WORK REQUIRED -
Please output the listing below character for character and omit the images.

COLLECTED MATERIAL -
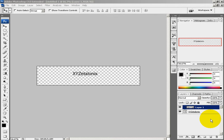Hey guys, Zetalonix here. I'm here in Photoshop and I have another tutorial. I've been having a lot of fun in Photoshop, so I'm going to create a tutorial on clipping masks.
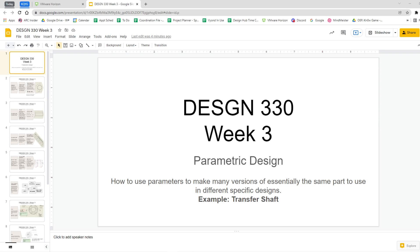This week is about parametric design. Most of you touched on this in Design 310 or 328, where you got to design in Inventor. Certain dimensions can be changed by just typing them in, and it changes the whole shape.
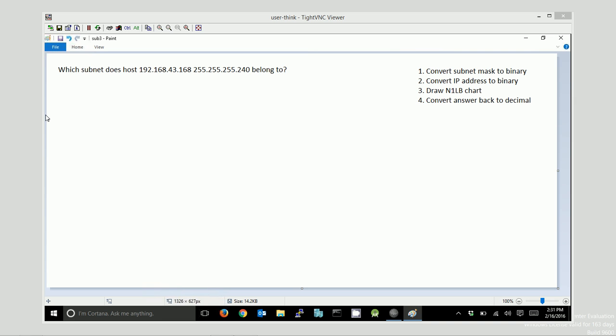In this video, we're going to solve a subnetting problem.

EXERCISE OUTPUT -
Hey guys, Zetalonix here. I'm here in Photoshop and I have another tutorial. I've been having a lot of fun in Photoshop, so I'm going to create a tutorial on clipping masks.
This week is about parametric design. Most of you touched on this in Design 310 or 328, where you got to design in Inventor. Certain dimensions can be changed by just typing them in, and it changes the whole shape.
In this video, we're going to solve a subnetting problem.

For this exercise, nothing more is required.